● Study material
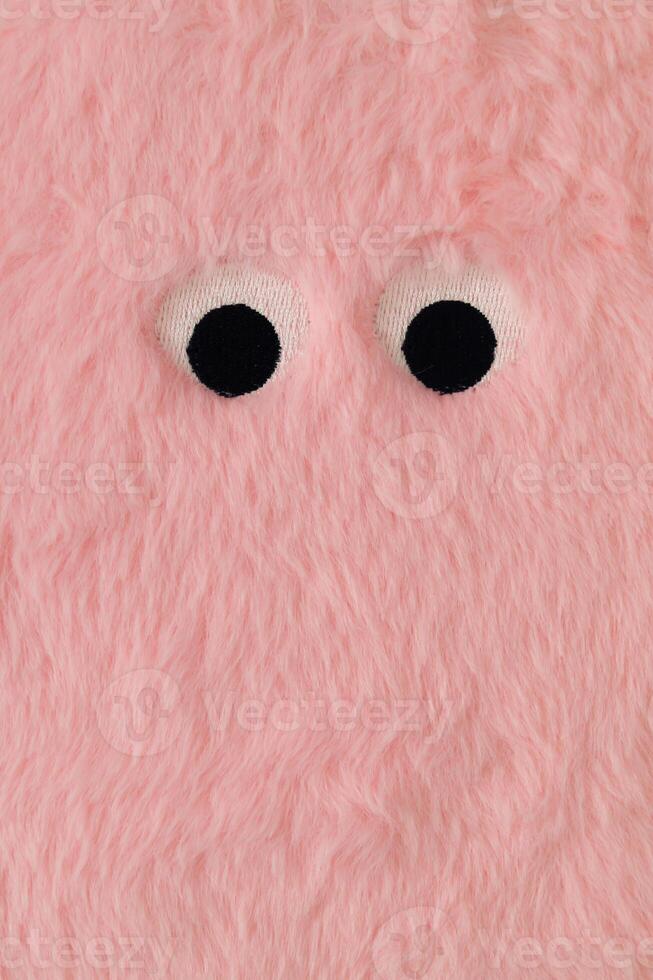 schattig pluizig monster gemaakt met pastel roze faux vacht. minimaal concept. creatief grappig gezicht samenstelling. een origineel peachy roze vacht achtergrond beeld idee. vlak leggen, top van visie. foto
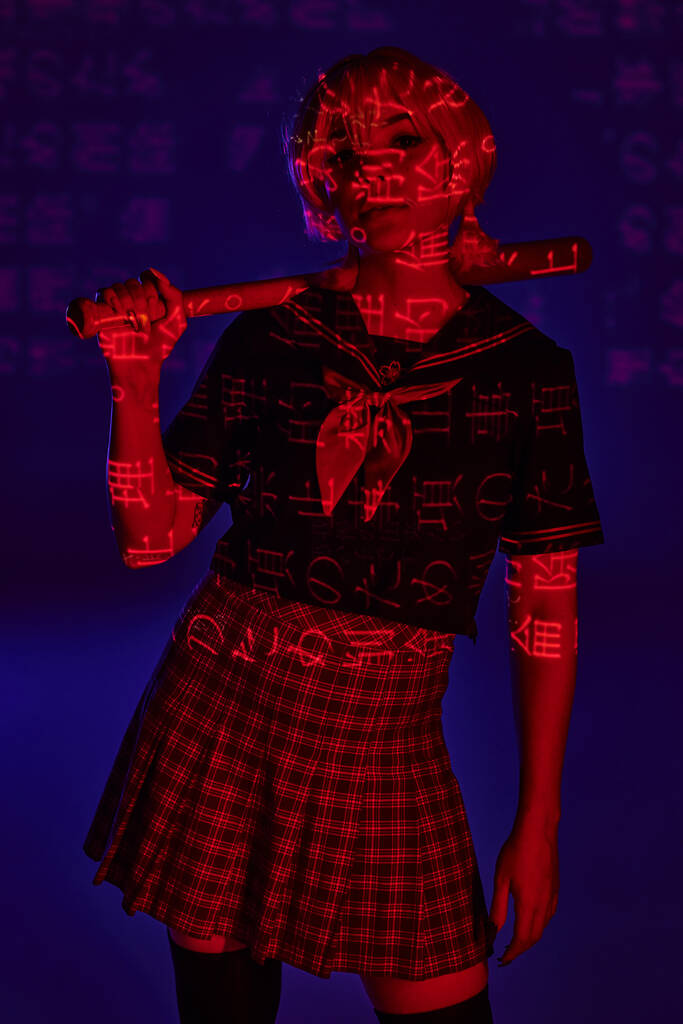 junge Anime-Frau in Schuluniform mit Baseballschläger in rotem Neonlicht mit Hieroglyphen auf blauem Hintergrund - Foto, Bild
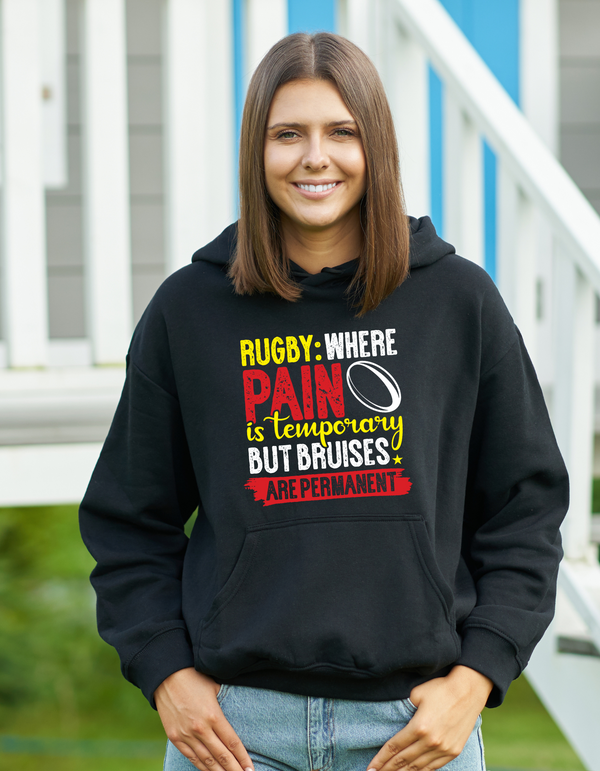 Woman wearing a black hoodie with a colourful text design outdoors with a Cows Corner slogan saying Rugby where pain is temporay but bruises are permanent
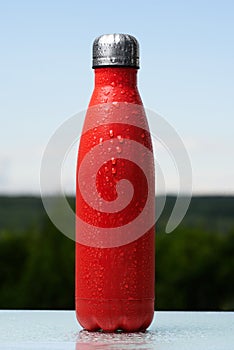 Thermo stainless bottle, sprayed with water. Sky and forest on background. On the glass desk. Thermos of matte red color.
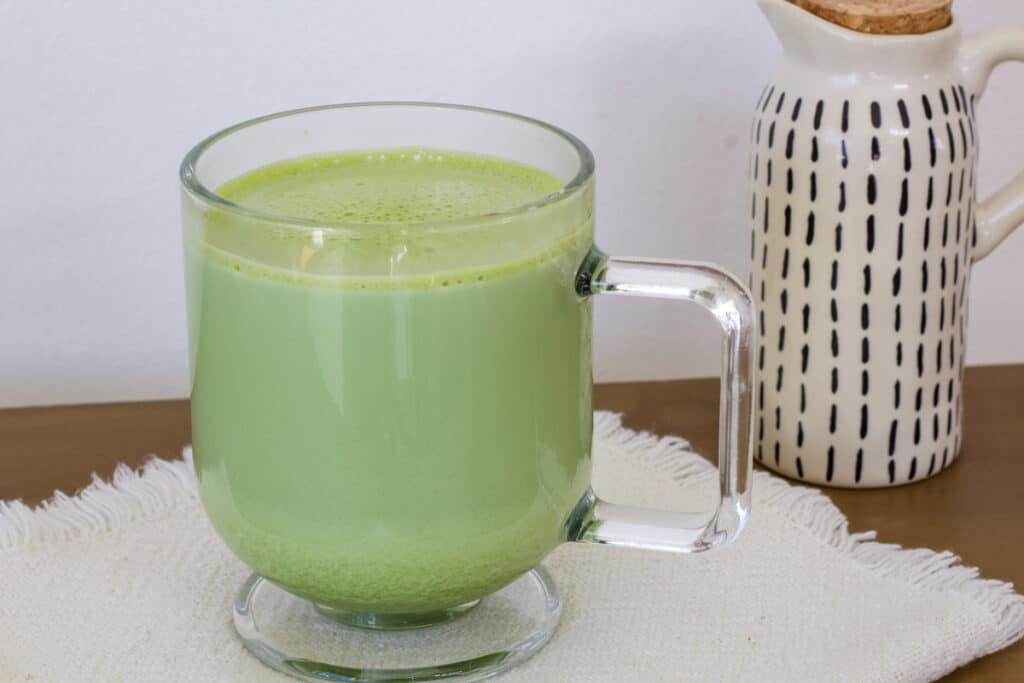 One glass coffee mug full of hot matcha tea latte, there is a small ceramic jug next to it.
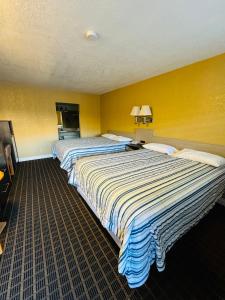2 bedden in een hotelkamer met gele muren bij Mount Whitney Motel in Lone Pine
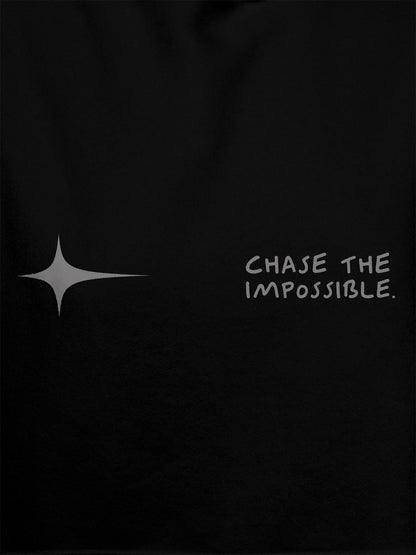 Close up of 'Chase The Impossible' design on Men's Black Hoodie Sweatshirt, highlighting intricate details and vibrant print.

● Problem description
Could you output the lines above exactly, with no pictures included?

● Solution below
 schattig pluizig monster gemaakt met pastel roze faux vacht. minimaal concept. creatief grappig gezicht samenstelling. een origineel peachy roze vacht achtergrond beeld idee. vlak leggen, top van visie. foto
 junge Anime-Frau in Schuluniform mit Baseballschläger in rotem Neonlicht mit Hieroglyphen auf blauem Hintergrund - Foto, Bild
 Woman wearing a black hoodie with a colourful text design outdoors with a Cows Corner slogan saying Rugby where pain is temporay but bruises are permanent
 Thermo stainless bottle, sprayed with water. Sky and forest on background. On the glass desk. Thermos of matte red color.
 One glass coffee mug full of hot matcha tea latte, there is a small ceramic jug next to it.
2 bedden in een hotelkamer met gele muren bij Mount Whitney Motel in Lone Pine
 Close up of 'Chase The Impossible' design on Men's Black Hoodie Sweatshirt, highlighting intricate details and vibrant print.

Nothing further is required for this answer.